=== Section Start ===

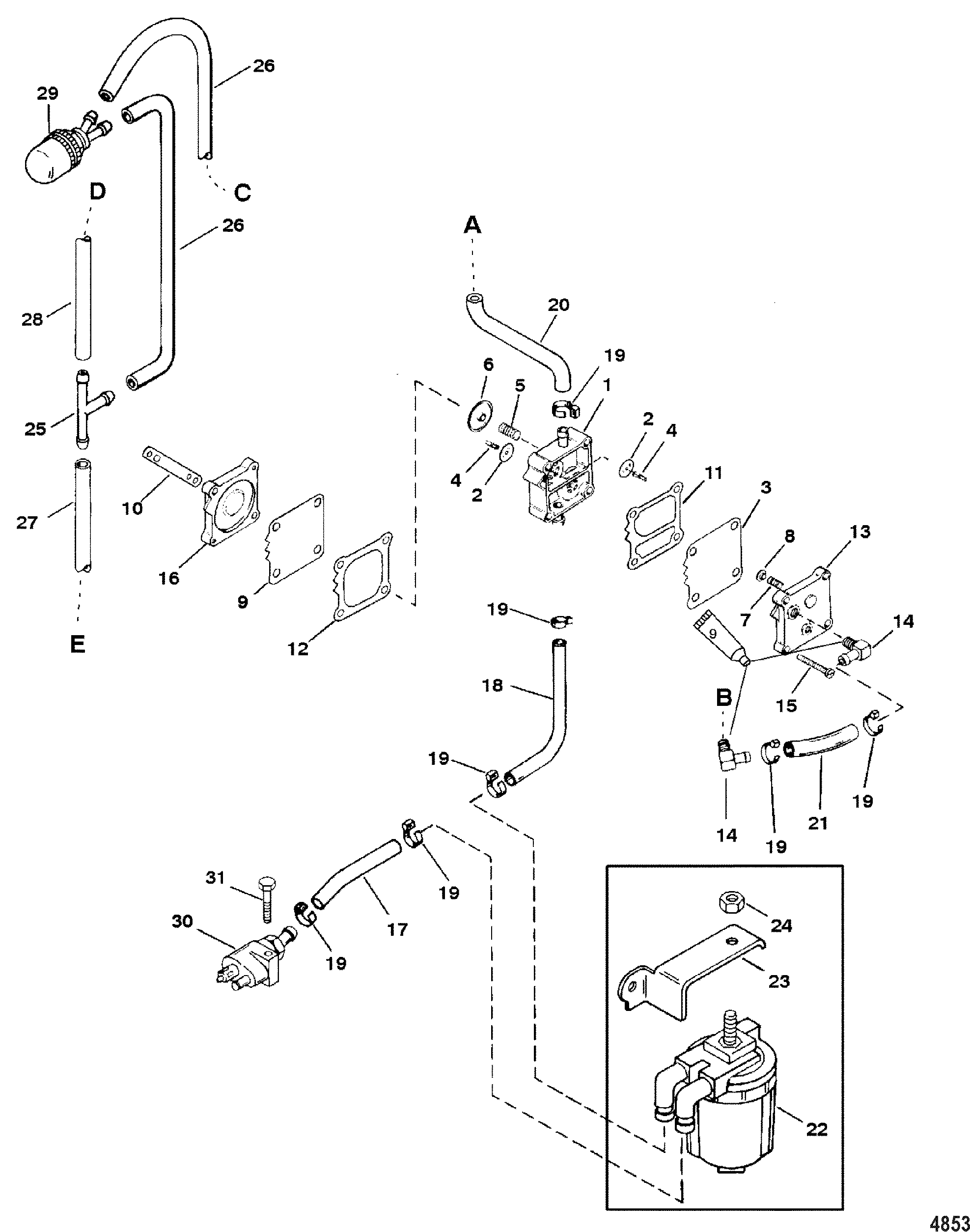Fuel Pump, Manual FOR MARINER / MERCURY 55/60 JET 40/45 (3 CYLINDER)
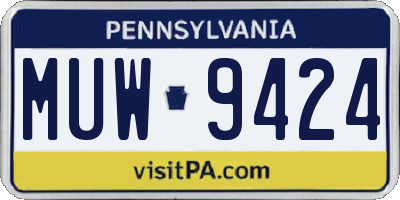 PA license plate MUW9424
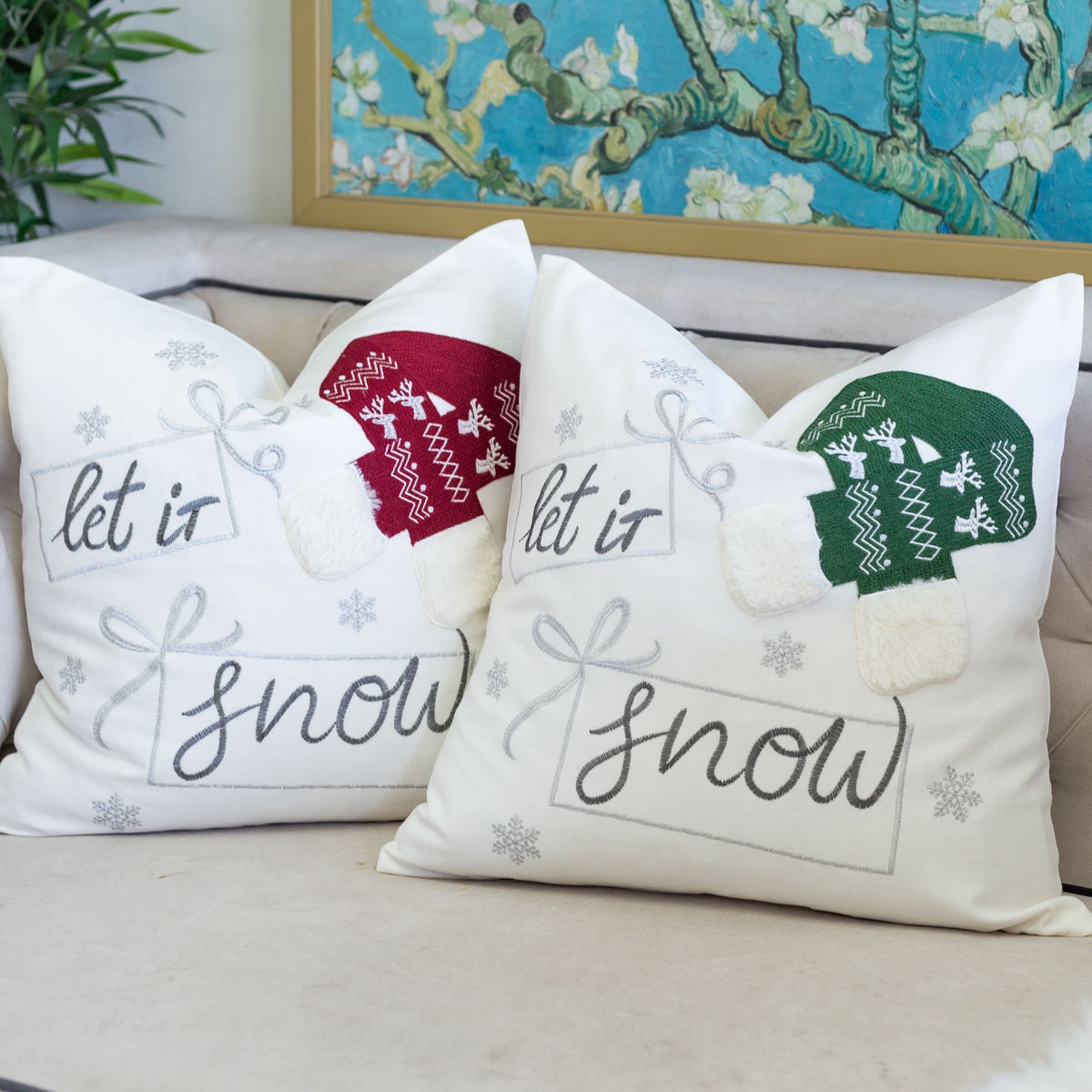 Let It Snow Christmas Throw Pillow with Embroidered Knit Hat - White/Green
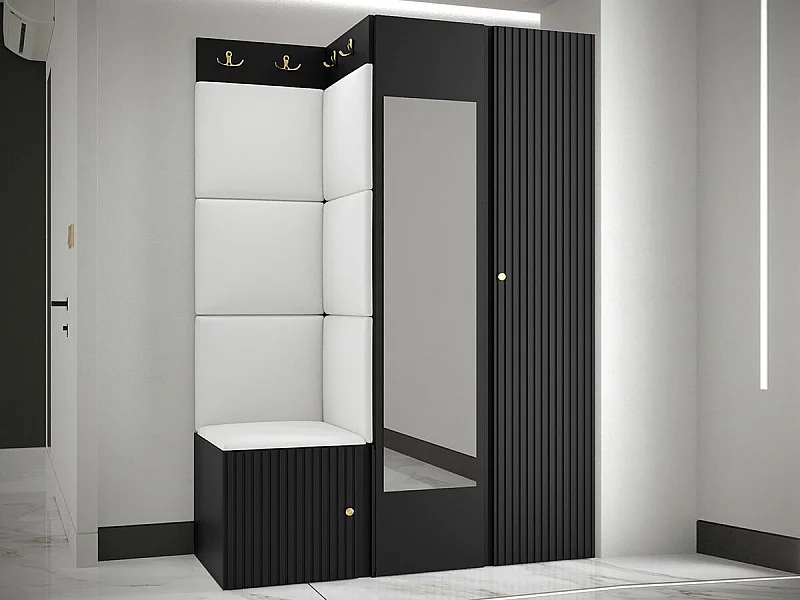 Conjunto pasillo Hartford 388, 186x116x46cm, Espejo, Blanco|Negro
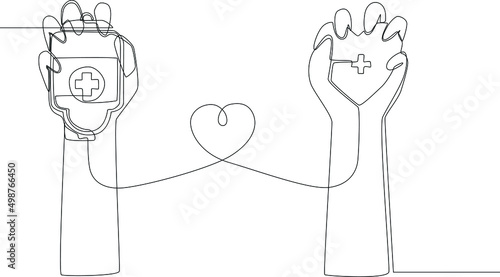 Single continuous line drawing The right hand holds the blood transfusion bag to the left hand holds the heart.  One line draw graphic design vector illustration.
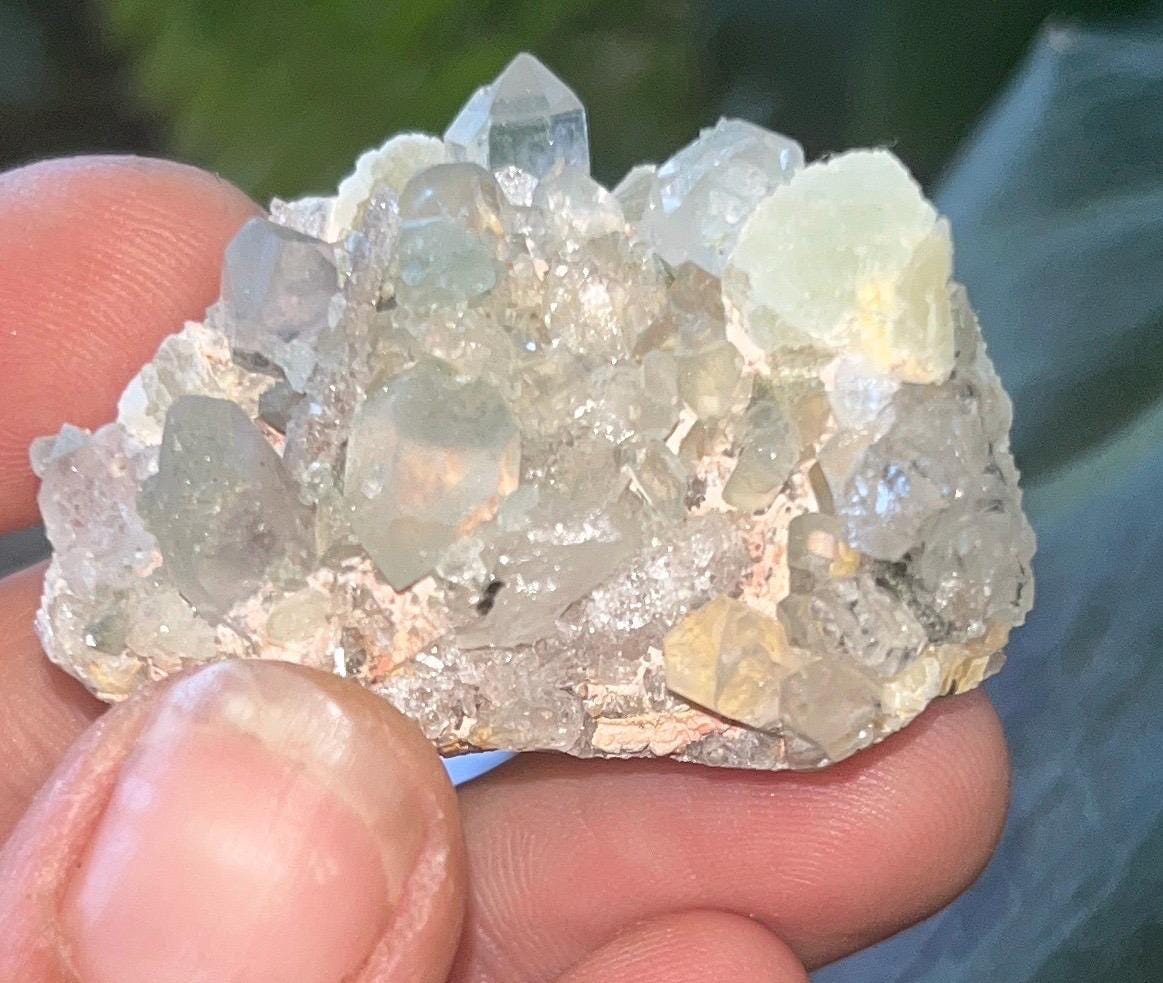 Prehnite with quartz Crystals  – Stone of Healing & Inner Peace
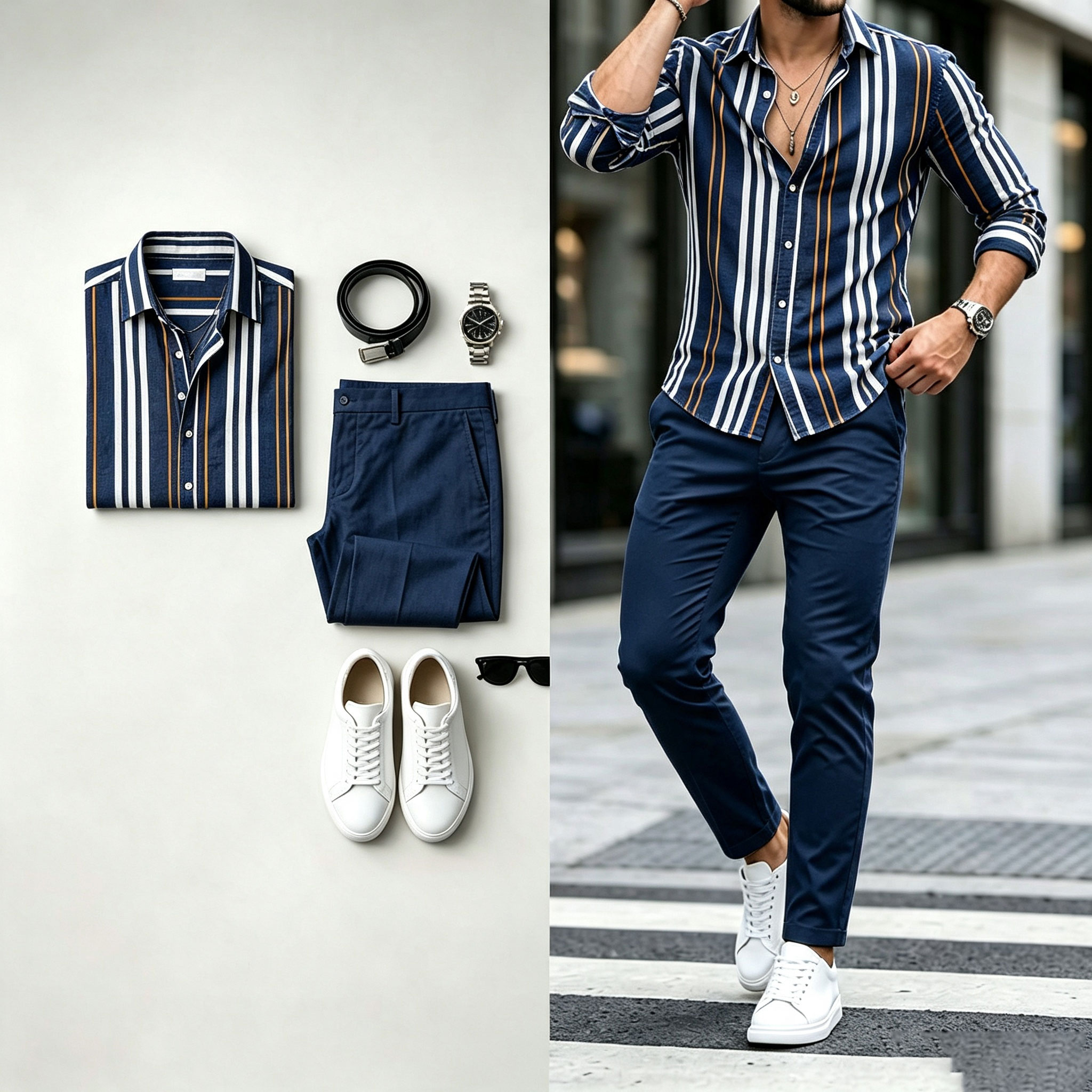 para hombre a rayas Print de manga larga camisa and pantalón Set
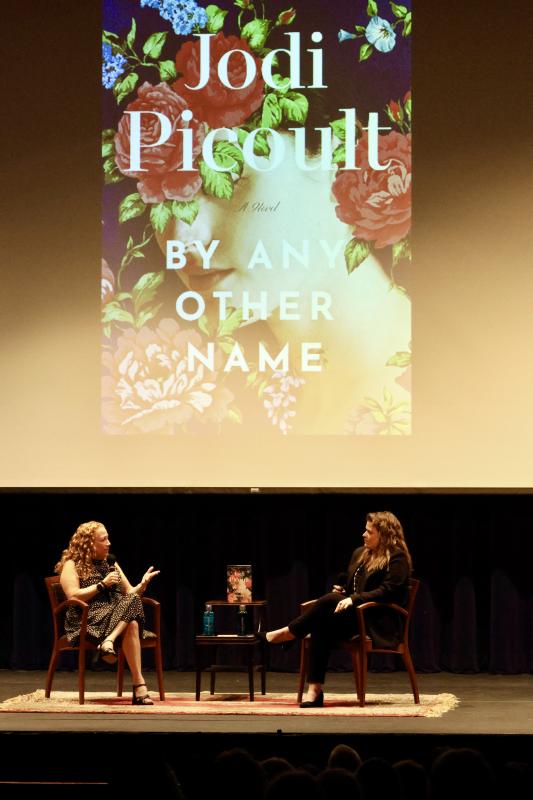 Author Jodi Picoult discusses her book with Alicia Andrzejewski, an assistant professor of English at the College of William & Mary who worked with Picoult on the research for this novel. BILL SHULL PHOTO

=== Section End ===

Try it » Set down the material exactly as given, but print none of the pictures.

Exercise result »
Fuel Pump, Manual FOR MARINER / MERCURY 55/60 JET 40/45 (3 CYLINDER)
 PA license plate MUW9424
 Let It Snow Christmas Throw Pillow with Embroidered Knit Hat - White/Green
 Conjunto pasillo Hartford 388, 186x116x46cm, Espejo, Blanco|Negro
 Single continuous line drawing The right hand holds the blood transfusion bag to the left hand holds the heart.  One line draw graphic design vector illustration.
 Prehnite with quartz Crystals  – Stone of Healing & Inner Peace
 para hombre a rayas Print de manga larga camisa and pantalón Set
 Author Jodi Picoult discusses her book with Alicia Andrzejewski, an assistant professor of English at the College of William & Mary who worked with Picoult on the research for this novel. BILL SHULL PHOTO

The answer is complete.